The Manchurian Candidate is based on a similar pretence to the 1962 film of the same name and uses many of the same characters, but brings the concept into the modern era. It’s based on the Gulf War instead of the Korean War, terrorist fears instead of Communist fears and microchip implants instead of hypnotism.

In some ways, this film is at its most meaningful when compared to the original, in terms of the political context on both occasions. There are also a few modern-day issues such as Gulf War syndrome, which is given a brief mention but doesn’t really feature as much as it could.

Unfortunately, even 42 years after the original and despite all sorts of technological advances, the brainwashing concept still feels a little too Twilight Zone.

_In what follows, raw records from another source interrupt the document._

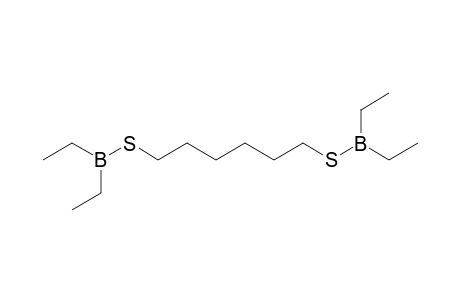 Hexane, 1,6-bis-(diethylborylthio)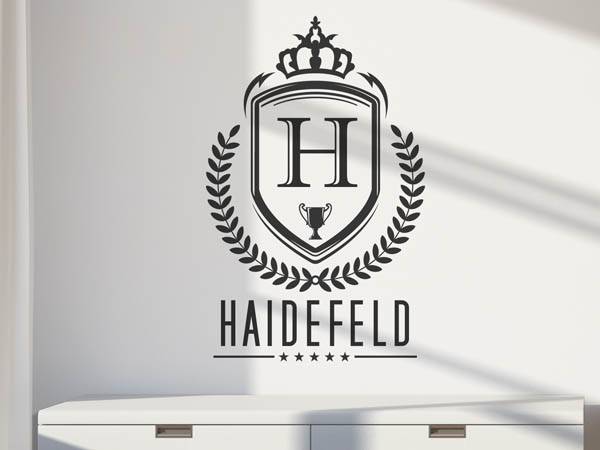 Wandtattoo Haidefeld Wappen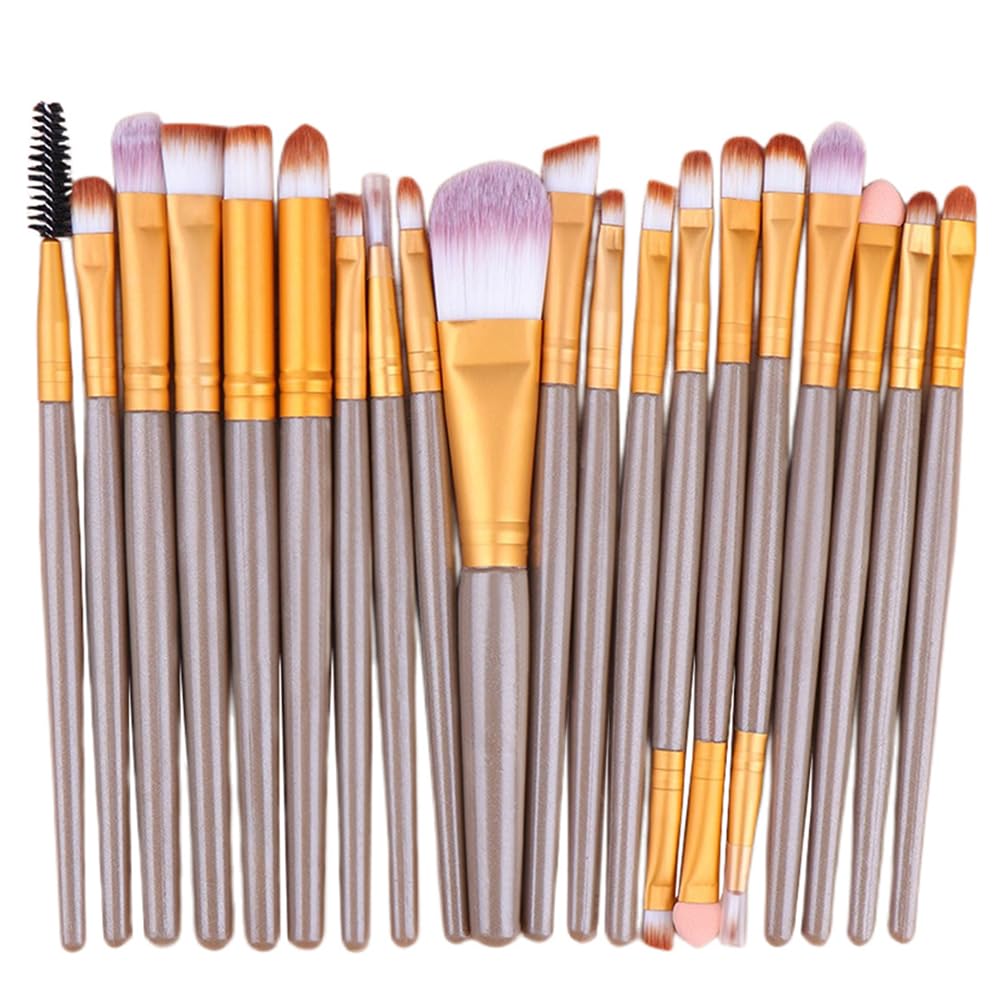 Brochas de maquillaje profesionales 20 unidades
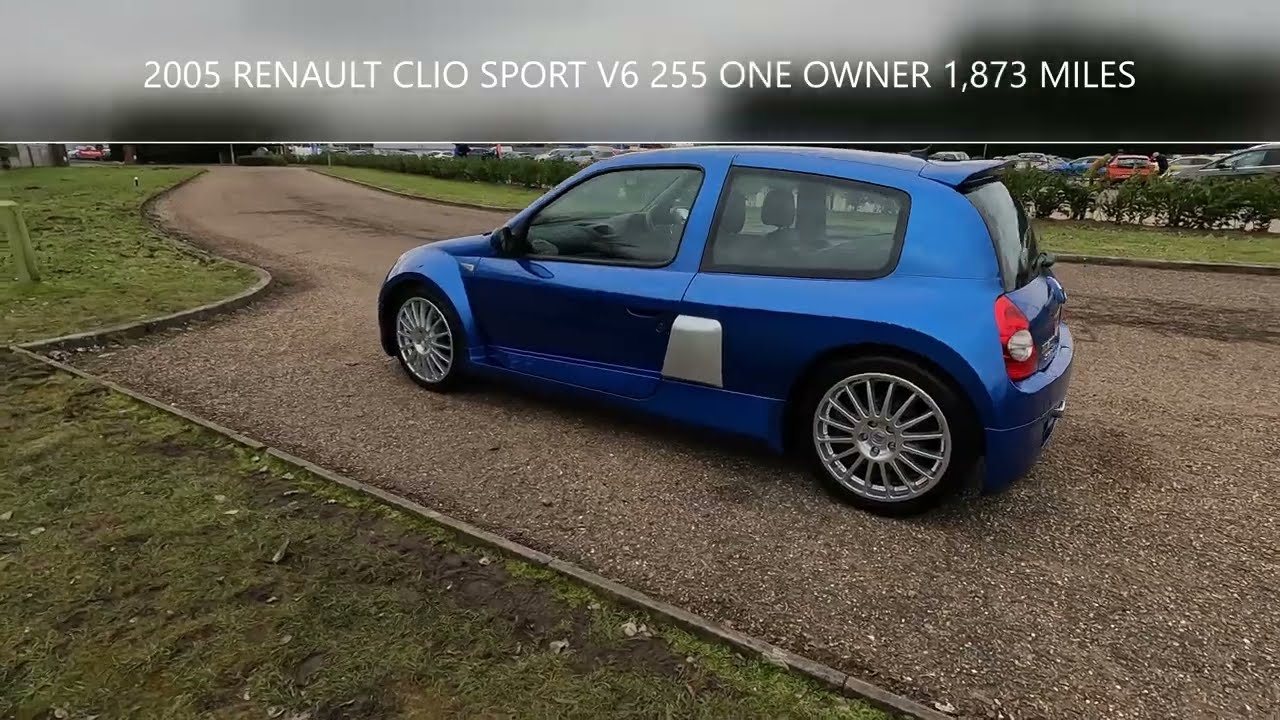 2005 RENAULT CLIO SPORT V6 255 ONE OWNER 1,873 MILES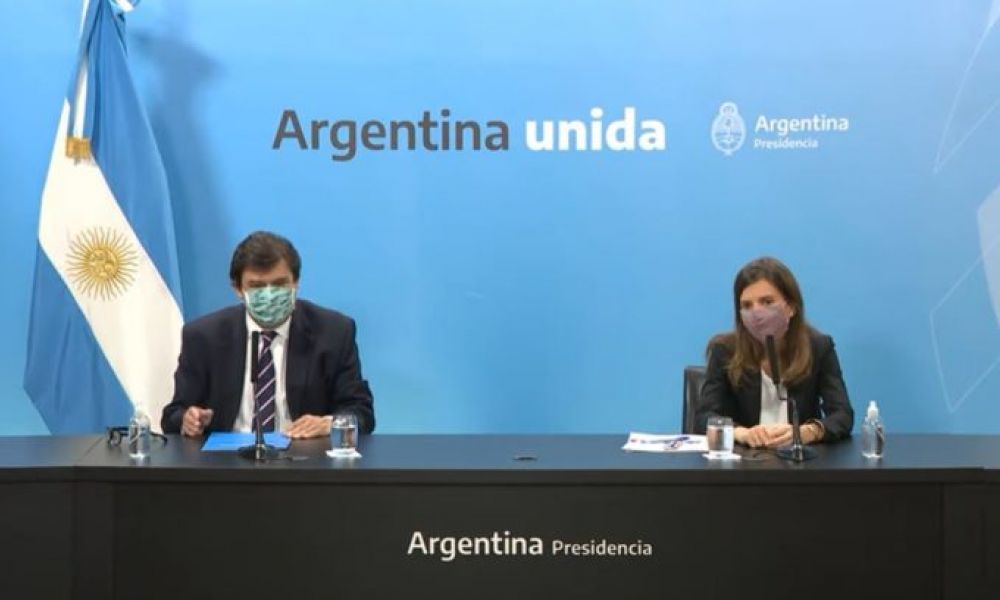 Claudio Moroni y Fernanda Raverta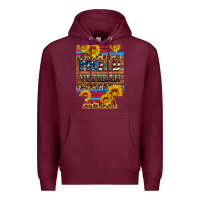 Burgundy proud veteran  12 oz regular can cooler Premium Hoodie - Artiststas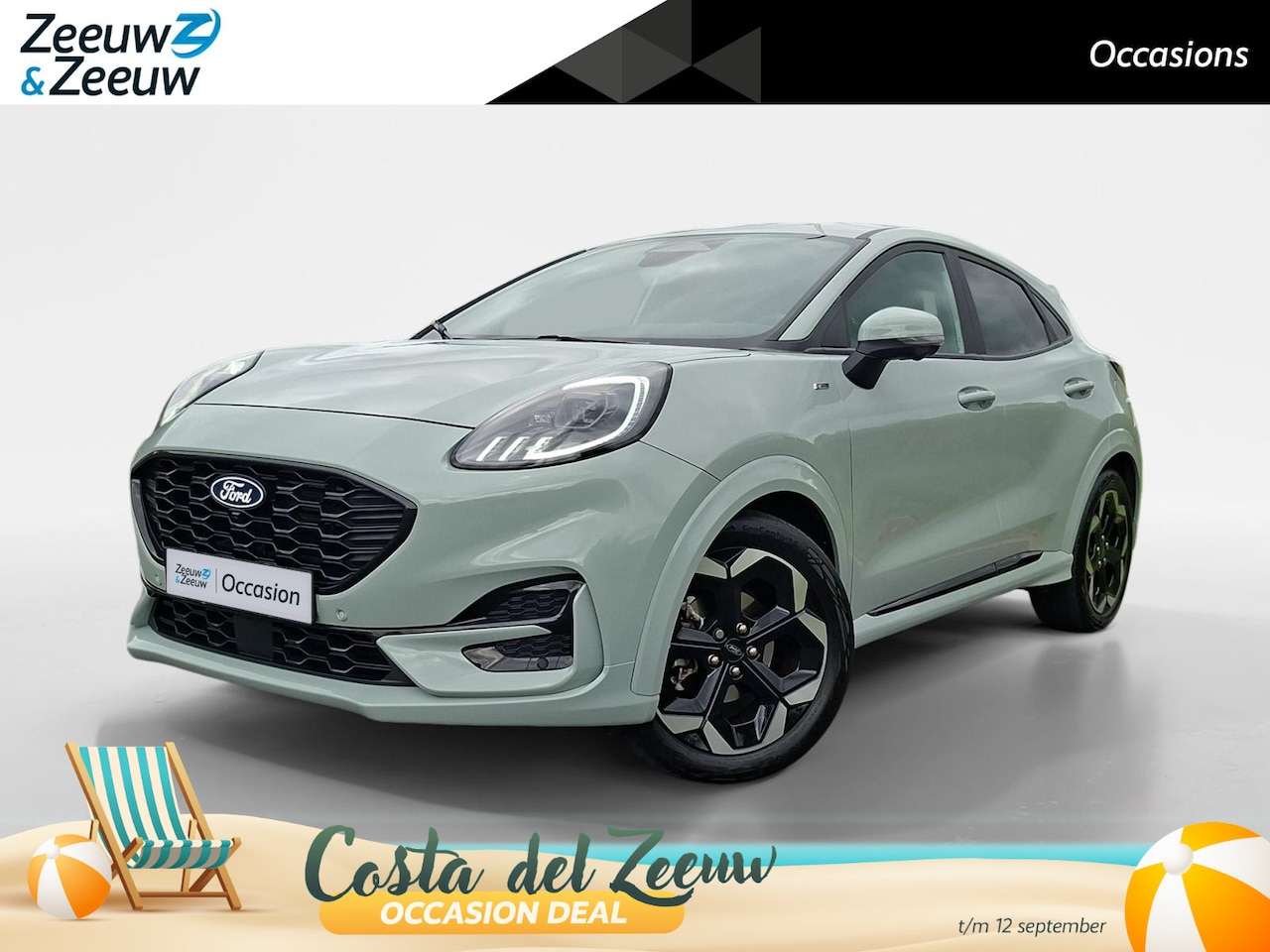 Ford Puma - 1.0 EcoBoost Hybrid ST-Line X Automaat | NL Auto | 1e eigenaar | Winterpack | Driver assis - AutoWereld.nl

Director Jonathan Demme uses some similar techniques as those that made his 1991 film The Silence of the Lambs such an eerie experience, but the comic-like plot stops the potential effect from taking hold.

Washington and Schreiber are brilliant in their roles, as is Meryl Streep as Raymond’s domineering mother, but Demme would have been wiser to bring them all together on an original project, perhaps focussing on the aforementioned Gulf War syndrome, rather than mad scientists and brain probes.